Anyway, as I seethed with rage quietly at the back of the bus, thinking that this had blatantly happened because I was a woman, and what was this joker doing calling me  “darling” anyway, as though I was some sort of family pet, and I am 35 years old and a woman and I AM NOT GOING TO BE PATRONISED DAMMIT, the driver continued venting his rage at anyone who crossed his path.  An old man with a stick ( a STICK, I tell you, he was actually mobility impaired) who should “MIND THE DOORS!  Don’t get stuck in those doors.  You might DIE!”

By the time we were half a mile up the road the driver was taking on a long line of random motorists who dared cross his path (“I’VE GOT A JOB TO DO, YOU KNOW!  What am I supposed to do; PARK UP AND WAIT FOR YOU?”) and then aiming his enormous bus at them and forcing them to reverse back up the road.

Now, as I haven’t driven a car since since I failed my driving test in 2005, I’m no expert in The Rules of the Road, but I’m pretty sure he was breaking most of them.

Eventually, I got off the bus, mentally preparing myself for another tirade about how I shouldn’t have got up until the bus stopped, and I could go flying through the windscreen, you know.  Or I should have got up before the bus stopped, and I very nearly missed my stop, you know.  I wasn’t sure how to play it.  Anyway, I got off the bus, only for the driver to apologise for ranting at me, and to then say that the only reason he did it was because he is concerned about females late at night.

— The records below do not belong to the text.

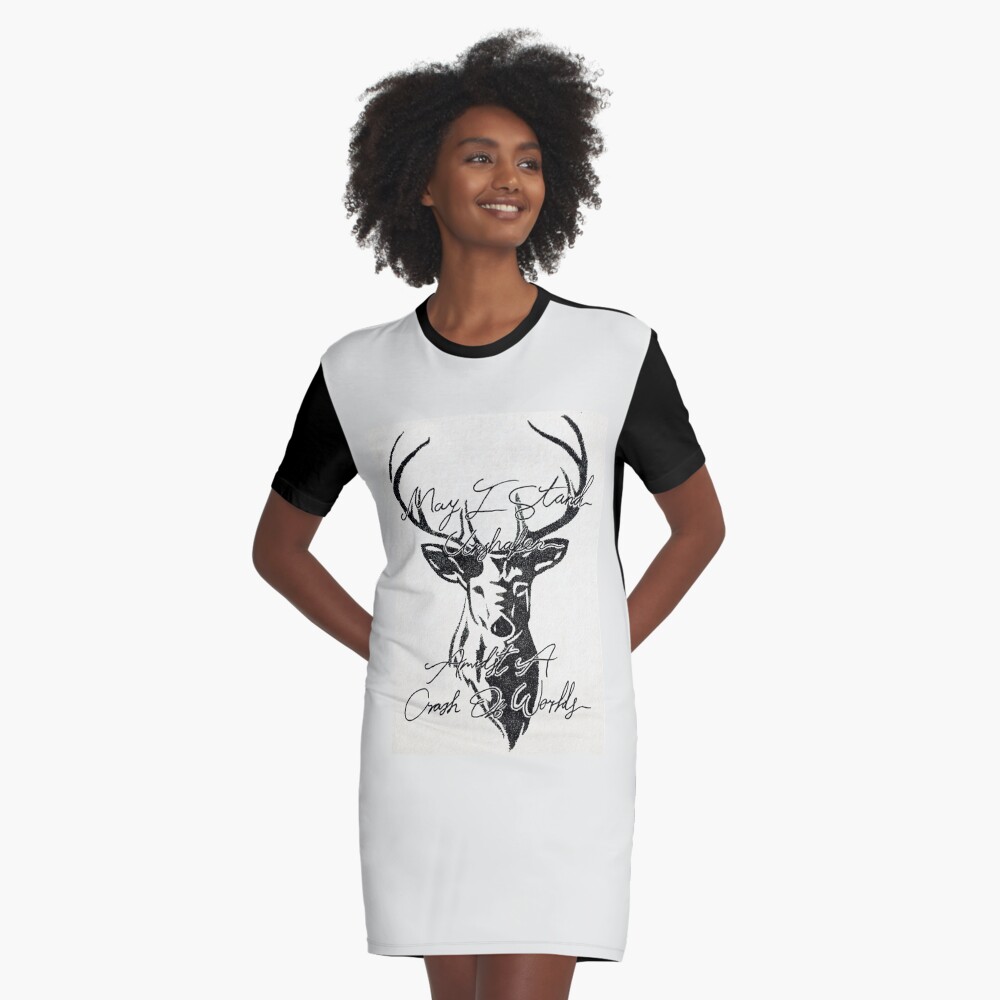 Vista previa del artículo con la obra «Vestido camiseta», diseñado y vendido por Morgan-Hilton.
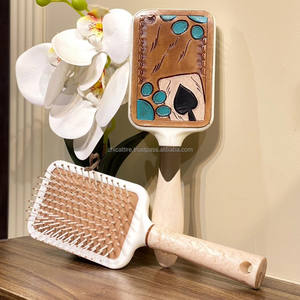 แปรงหวีผมสไตล์ตะวันตกทำมือแกะสลักจากนักออกแบบวินเทจทำจากหนังแท้ทำมือคุณภาพสูงอุปกรณ์เสริมของขวัญวินเทจเพ้นท์ด้วยมือ - Product Image 2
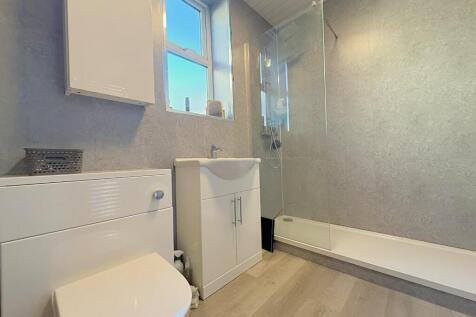 FLAT A BATHROOM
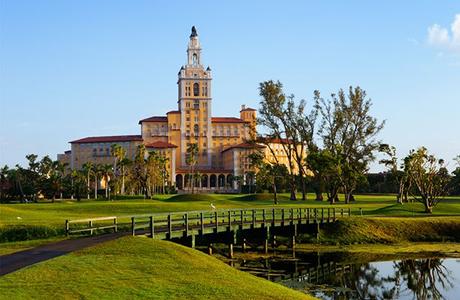 « Hole-in-One » – parcours de golf de légende au Biltmore Hotel « Hole-in-One » – parcours de golf de légende au Biltmore Hotel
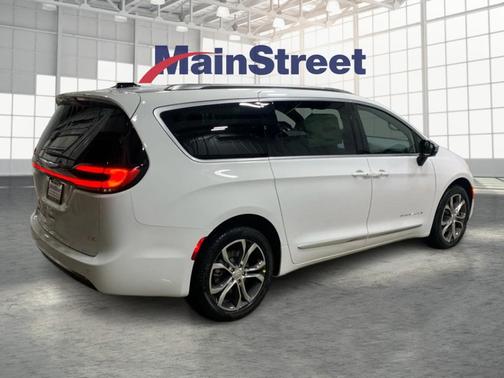 2026 Chrysler Pacifica Pinnacle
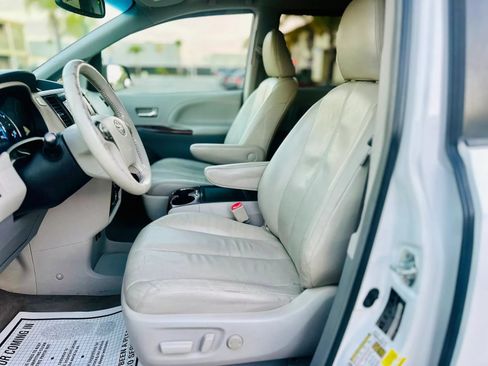 Used 2014 Toyota Sienna XLE w/ XLE Premium Package FWD image 9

Late at night.  It was two O’clock in the afternoon and broad daylight.

I looked at him, deadpan.  “It’s the middle of the day.”

Ah yes, but one day I might fail to put my hand out when waiting for a bus in the middle of the night and the bus won’t stop and he once heard from a friend of a friend of a friend about someone this happened to who ended up being raped.

“Right,” I replied.  “I am an adult.  I am capable of looking after myself.  And if you are so concerned about females alone at night, why don’t you tell men not to go around raping them?”

The two elderly women who were about to get on the bus and who had only heard the tail end of that conversation looked utterly aghast.

I walked home feeling almost as angry as the bus driver.  Not quite, as I didn’t want to end up in an early grave due to the sheer exhaustion of being so angry all the time, but why is it that it is my responsibility (and that of all women) to avoid being raped?  I grew up being told by friends, family and everyone in between that I should never walk home alone at night, and that certain areas, due to the mere fact that they were dark and had few buildings, were basically no-go areas at night, just because I was female and MIGHT GET RAPED.  Where were the reminders to all the men that they shouldn’t be doing the raping?

NOWHERE.

Now I’m not advocating getting roaring drunk and going stumbling about alone forgetting all semblance of common sense, but I think that is important advice for members of both sexes, no? And, more importantly, lack of common sense is not an invitation or excuse to rape.

So, Angry Bus Driver, I will be ignoring your advice about waiting for buses (shock, horror) in the hours of darkness, but I will be teaching my son that it is HIS responsibility not to go around raping people (I hope that we will not reach a point where I actually have to spell this out to him in very literal terms, as hopefully basic respect for all people will follow naturally from the upbringing I give him, right people?  This will be OK, right?)

I will put my hand out next time though.  Just in case it’s Angry Bus Driver again.

37 Comments Add yours

  1. I nodded so much reading this post that I thought my head would fall off! Oh my god, this is SO spot on – next time I see someone saying something like that, I am pointing them in the direction of this post!
    #KCACOLS

    1. Min says:

      Thank you. I have been getting militant recently. Today I actually challenged a religious nut in the centre of town who was claiming that secular societies end up killing babies. I am on a roll!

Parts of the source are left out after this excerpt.